On the other hand, the Catholic Bishops supported ObamaCare, and helped sell the scam to their parishioners, so there is a bit of divine justice in the present cockup. As someone once observed, the Devil’s in the details.
Although there is a part of me that’s been enjoying Bill O'Reilly’s nightly rants attacking the major oil companies – namely the part that enjoys seeing his face turn into a ripe red tomato – as usual he’s overlooking a glaring fact. Oil companies have staggering earnings, but it’s because they deal in such enormous volume. But they also have huge expenses. It’s not cheap to seek out oil deposits, set up rigs and drill for the stuff, transport it to refineries, refine it and then transport the finished product to all those thousands of pumps. As a result, their profit margin is somewhere in the range of two to four cents a gallon. On the other hand, gasoline taxes, which include local, state and federal, range from a low of 26 cents per gallon in Alaska to 66 cents in California, with a national average just under half a dollar.
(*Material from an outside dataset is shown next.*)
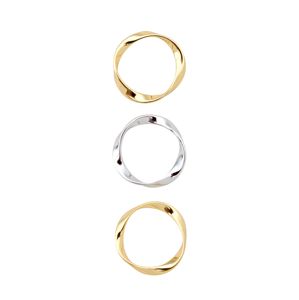 EDITED Gyűrűk 'Aliza'  ezüst / arany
The battle over Affirmative Action is underway once again because a young woman, Abigail Fisher, is suing the University of Texas. Apparently, in spite of her superior test scores, she was denied admission in order to accommodate black and Hispanic students.
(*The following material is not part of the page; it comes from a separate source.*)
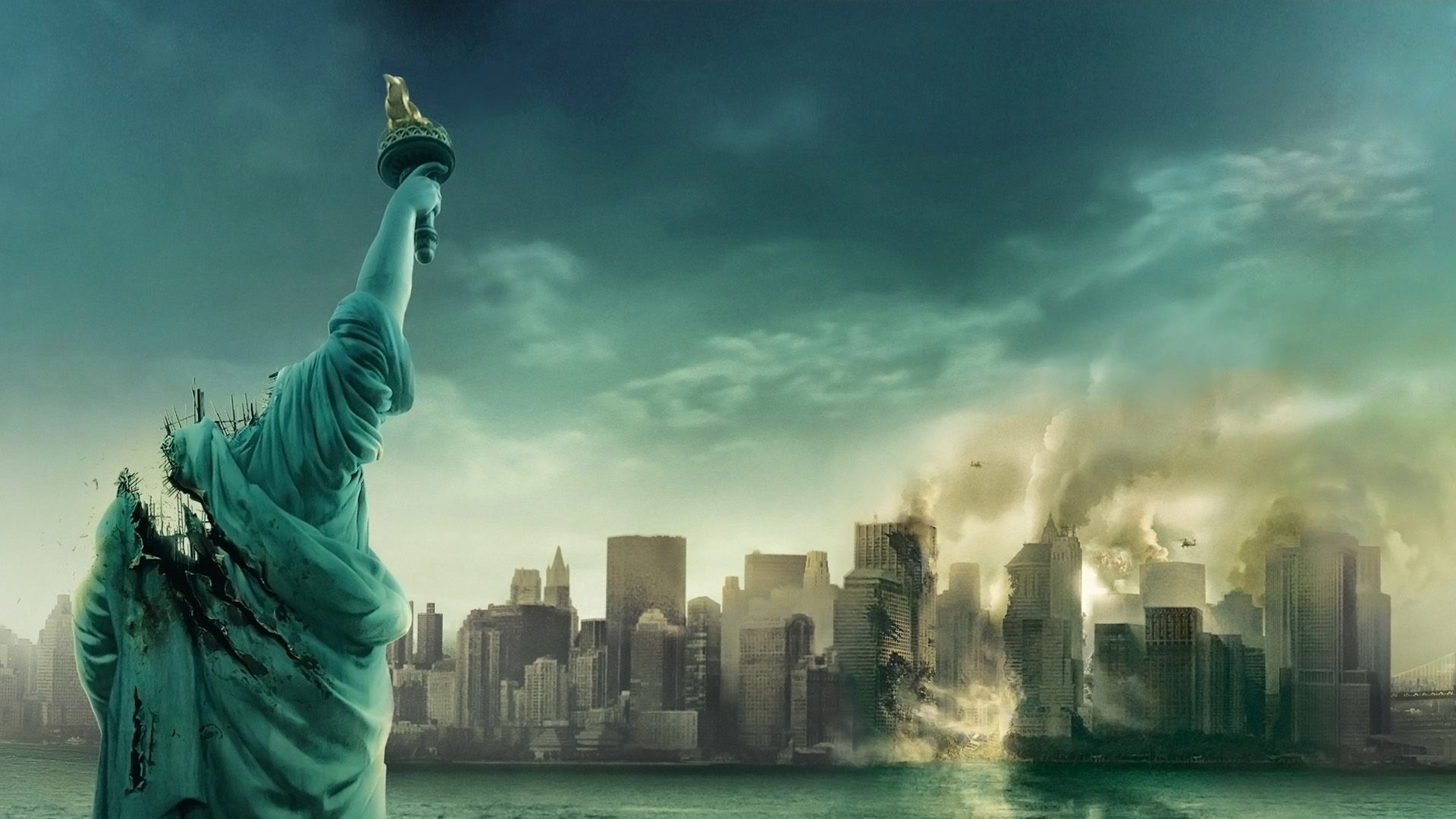 Cloverfield background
The last time the Supreme Court was asked to rule on this matter, which was roughly a decade ago, they decided that race could continue to play a role in such decisions, but not an overriding role, and that at some later date, they might reconsider it. It seems that day has finally arrived.
The good news is that Sandra Day O'Connor is gone, replaced by Samuel Alito, and Elena Kagan has decided to recuse herself because she was on record, as the U.S. solicitor general, as being in favor of Affirmative Action.
In 2007, the Court struck down similar programs in public high schools. In their decision, the majority concluded with the line, “The way to stop discrimination on the basis of race is to stop discriminating on the basis of race.” One can hardly be more succinct or logical.
Once the Supremes take care of that piece of business, they will then be able to move on to the question of free in-state college tuitions for the children of illegal aliens. Not only is it discriminatory, but it flies in the face of the law that states people are not allowed to profit from the commission of a crime.
Finally, was I the only person who imagined the following exchange taking place between movie director, and close personal friend of Fidel Castro and Hugo Chavez, Oliver Stone and one of his Hollywood stooges?
Stooge: “Did you hear the news, Mr. Stone? Your son, Sean, has converted.”
Stone: “Oh, no! Not that! Get me a razor. I’m going to slit my wrists!”
Stooge: “You’re that upset that he went to Iran, became a Muslim and changed his name to Ali?”
Stone: “Oh, for crying out loud! I thought you meant the kid had become a Republican. Go get me a beer.”